**WORK REQUIRED**: Drop every image, then reproduce the data exactly as given.

**PROVIDED DATA**:
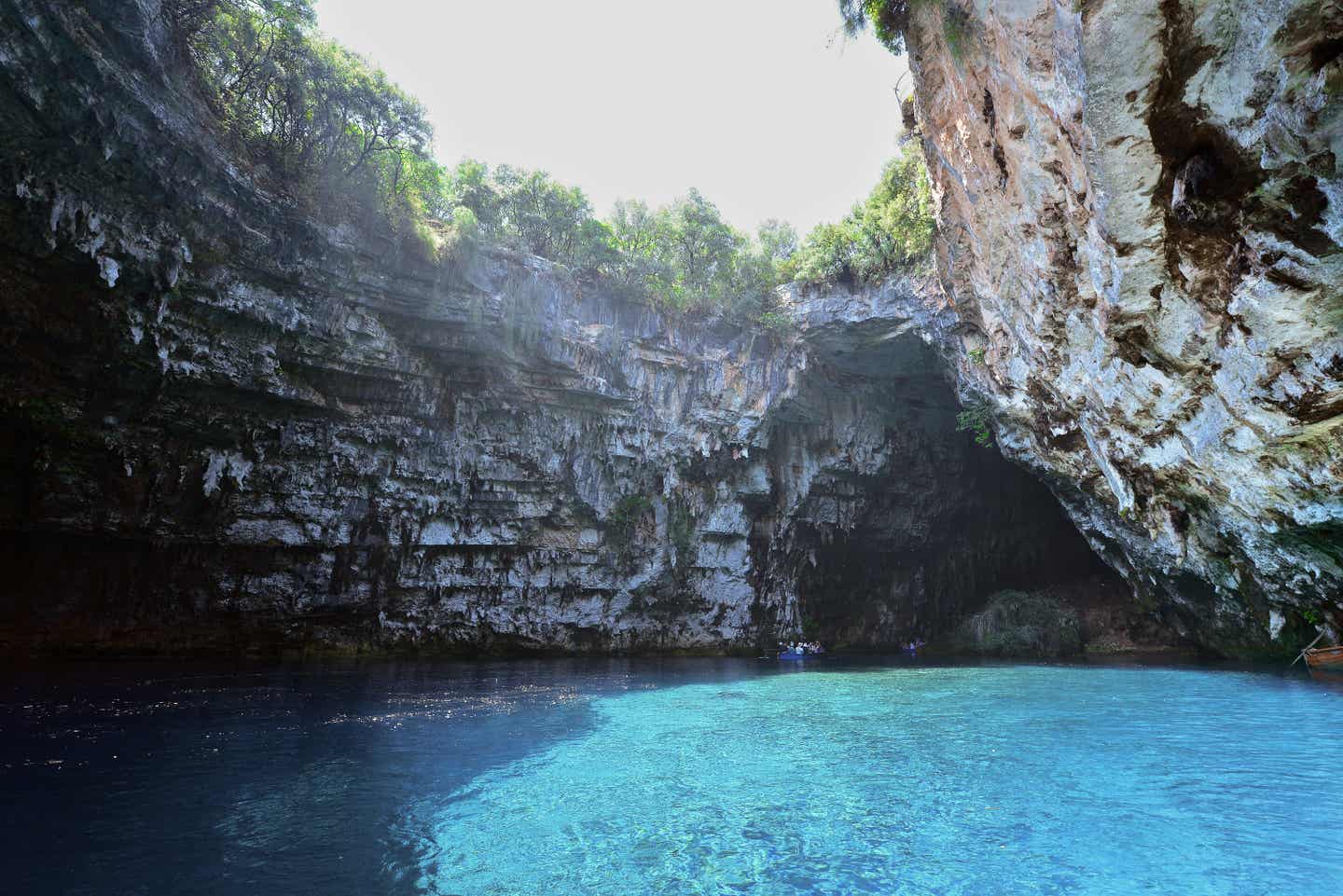 Kefalonia Urlaub mit DERTOUR. Der unterirdische Mellisani-See auf Kefalonia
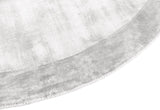 Tere Light Gray kerek viszkóz szőnyeg szálszerkezete közelről
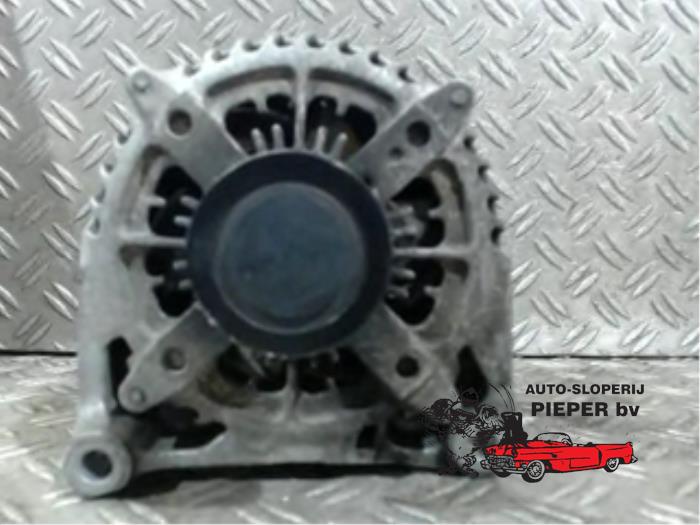Dynamo van een BMW 5 serie Touring (F11) 520i 16V 2013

**RESULT OF THE EXERCISE**:
 Kefalonia Urlaub mit DERTOUR. Der unterirdische Mellisani-See auf Kefalonia
 Tere Light Gray kerek viszkóz szőnyeg szálszerkezete közelről
Dynamo van een BMW 5 serie Touring (F11) 520i 16V 2013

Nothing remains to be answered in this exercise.